### Source data
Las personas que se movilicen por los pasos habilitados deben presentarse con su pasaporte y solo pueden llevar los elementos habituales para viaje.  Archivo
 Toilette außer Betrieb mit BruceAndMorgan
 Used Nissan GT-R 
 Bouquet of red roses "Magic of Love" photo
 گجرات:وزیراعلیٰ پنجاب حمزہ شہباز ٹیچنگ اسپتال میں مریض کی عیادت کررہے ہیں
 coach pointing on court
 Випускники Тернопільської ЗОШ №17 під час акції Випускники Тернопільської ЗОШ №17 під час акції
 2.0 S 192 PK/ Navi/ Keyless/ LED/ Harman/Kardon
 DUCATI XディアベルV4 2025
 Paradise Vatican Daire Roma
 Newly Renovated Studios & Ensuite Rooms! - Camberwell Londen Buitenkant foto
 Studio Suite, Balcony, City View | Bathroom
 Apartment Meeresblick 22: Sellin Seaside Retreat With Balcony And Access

### The problem
Restate every record verbatim.

### Exercise answer
Las personas que se movilicen por los pasos habilitados deben presentarse con su pasaporte y solo pueden llevar los elementos habituales para viaje.  Archivo
 Toilette außer Betrieb mit BruceAndMorgan
 Used Nissan GT-R 
 Bouquet of red roses "Magic of Love" photo
 گجرات:وزیراعلیٰ پنجاب حمزہ شہباز ٹیچنگ اسپتال میں مریض کی عیادت کررہے ہیں
 coach pointing on court
 Випускники Тернопільської ЗОШ №17 під час акції Випускники Тернопільської ЗОШ №17 під час акції
 2.0 S 192 PK/ Navi/ Keyless/ LED/ Harman/Kardon
 DUCATI XディアベルV4 2025
 Paradise Vatican Daire Roma
 Newly Renovated Studios & Ensuite Rooms! - Camberwell Londen Buitenkant foto
 Studio Suite, Balcony, City View | Bathroom
 Apartment Meeresblick 22: Sellin Seaside Retreat With Balcony And Access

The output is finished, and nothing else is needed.